A Little Bit of Data Can Be a Time-Consuming Thing
I had an experience over the past week that, in hindsight, I really should have been able to avoid. The situation was basically this: several different people had made comments in passing about how we were probably “overcommunicating” to our database. “Overcommunication” being the tactful way to say “spamming.” In this case, I can actually trace the perception back to at least two different highly anecdotal events, which then spawned comments that led to assumptions, and so on.
Now, I am all for diligent database management, especially when it comes to how often and with what content we communicate with our contacts. My general sense was that we could be doing better, but we were far from reaching a crisis point (I lived through a situation at another company where we did reach that crisis point, and there were plenty of telltale signs leading up to that). “I can pull some quick data on that to at least get some basic facts circulated,” I innocently thought. And, that’s what I did.

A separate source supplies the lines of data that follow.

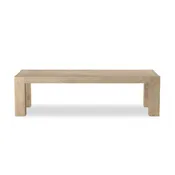 Abaso Dining Table - Whitewash Rustic Wormwood Oak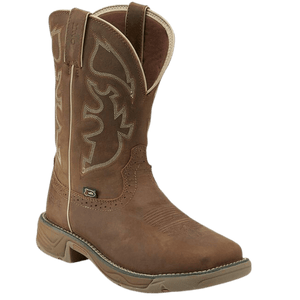Justin Work Boots Justin Men’s Rush Brown Rush Waterproof Steel Toe Work Boots WK4331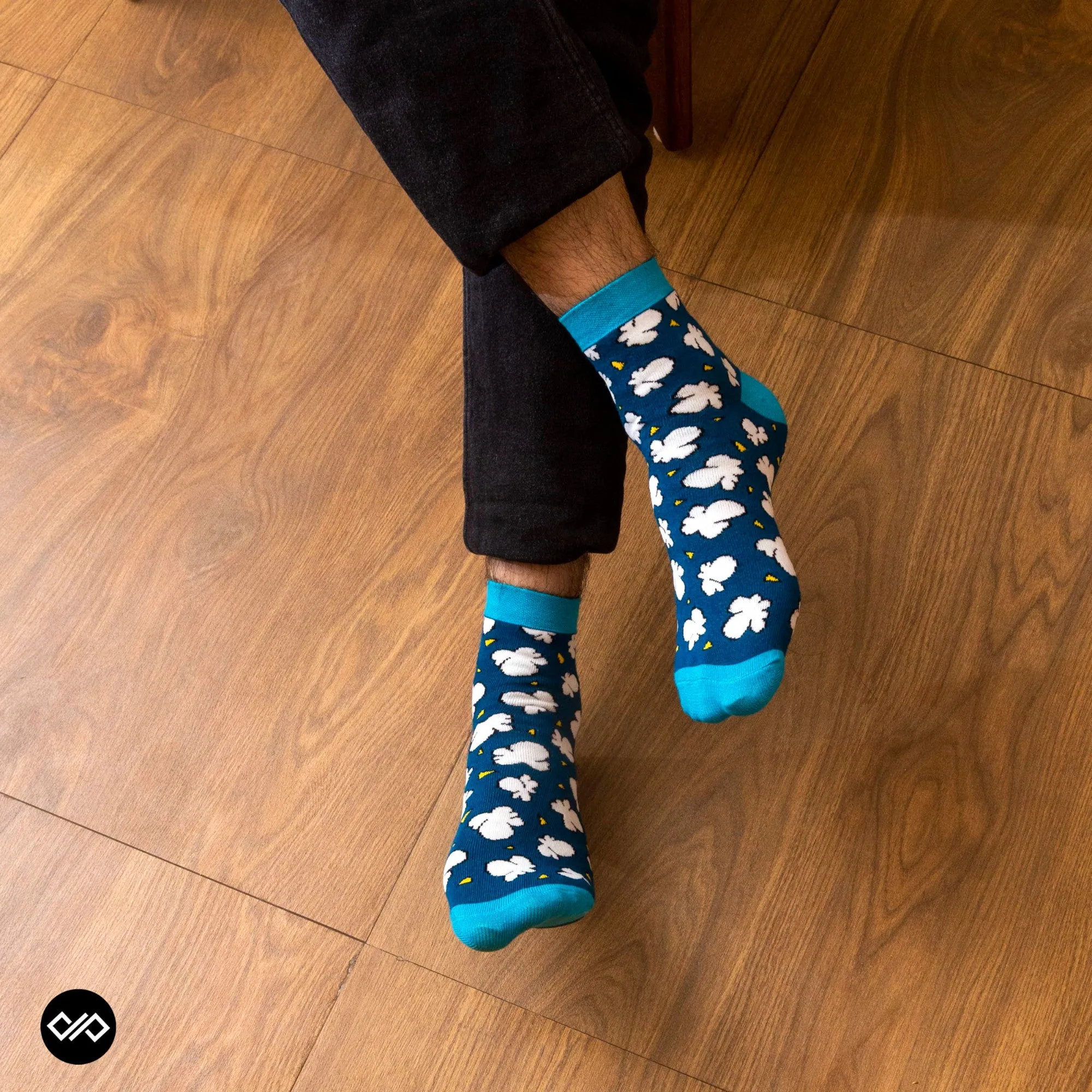 Popcorn Unisex Ankle Length Socks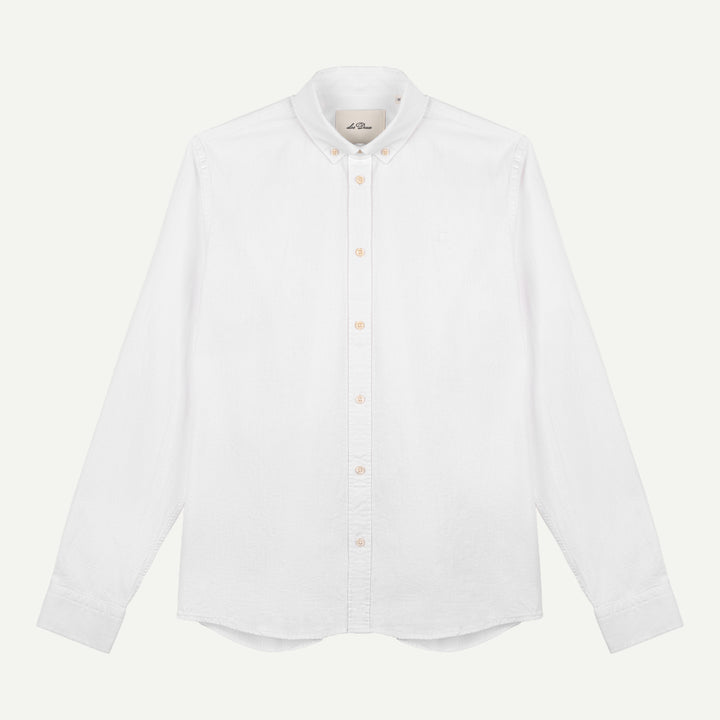 Cotton-Linen Shirt - White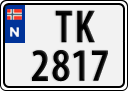 License plate of Norway, Trailers, motorcycles, special vehicles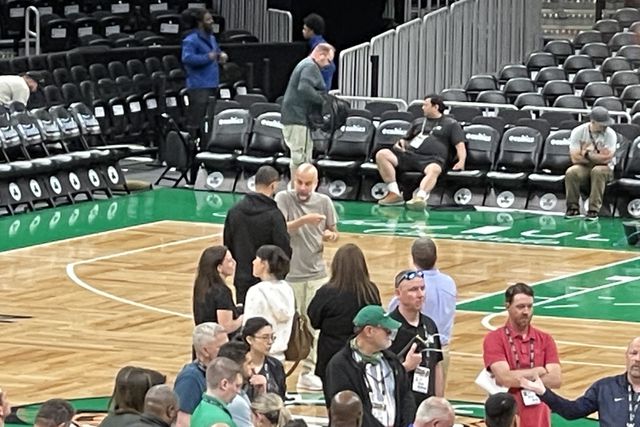 Guardiola visitou Celtics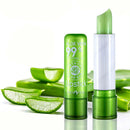 1PC Feuchtigkeits-Lippenbalsam Langanhaltender natürlicher Aloe Vera Lippenstift Farbe Stimmungswechsel Langanhaltender feuchtigkeitsspendender Lippenstift Anti-Aging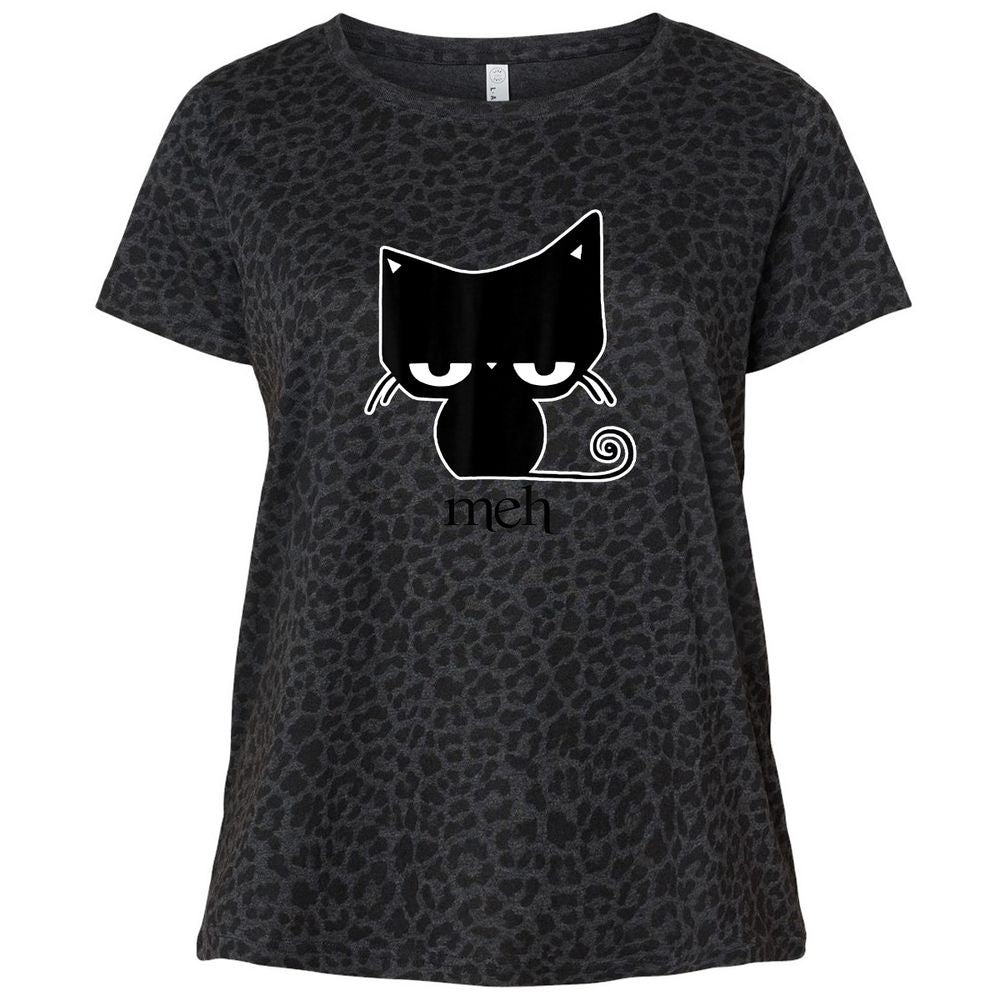 Ladies Curvy Jersey - 9GA2C1BB - Black Leopard - 11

I knew going in that, while the data was one thing, the definition of “good” vs. “bad” was likely all over the map, so I wasn’t likely to change many people’s opinions as to the situation by simply sharing the data. So, I shot an e-mail out to a group of interested parties and told them I had the data, and I’d be happy to share it, if they shared with me their opinions as to what an acceptable maximum of communications per week and per month would be.
As I suspected, I got a wide range of responses, and most of the responses had some form of qualifier — well-founded qualifiers regarding the type of communication, actually. So far, so good.
I then shared the data that I had spent 15 minutes compiling in a way to make for easy analysis, still knowing that there was no clear good/bad definition, and there was no clear hypothesis being tested or action being planned that this analysis would influence. The data did show a few things unequivocably — really just highlighting that the concerns were somewhat well-founded and that discussions should continue amongst the people who already tacitly owned the situation. But, it also spawned requests for additional data that was more curiousity-driven than actionability-driven. Several people asked that the data be pulled with their particular qualifiers addressed. Most of these people were in no position to actually take any action based on the results. And, unfortunately, as reporting and analysis systems can sometimes be — applying the qualifiers would have turned the analysis into a highly manual, multiple man-hours exercise, whereas the high-level, basic pull was a 15-minute task.
On the one hand, I could ding our data storage system. By golly, Tenet No. 1 of good BI/DW design is to design for flexibility, right? In this case, the system limitations are actually a boon — they give me an out for simply saying, “No,” rather than the much more involved discussion that begins, “Why?”
It’s a punt, I realize. And not an out I would take if it was throwing anyone in IT under a bus.
My point is that “interesting” can be a Siren Song that dwarfs the pragmatism of “actionability.”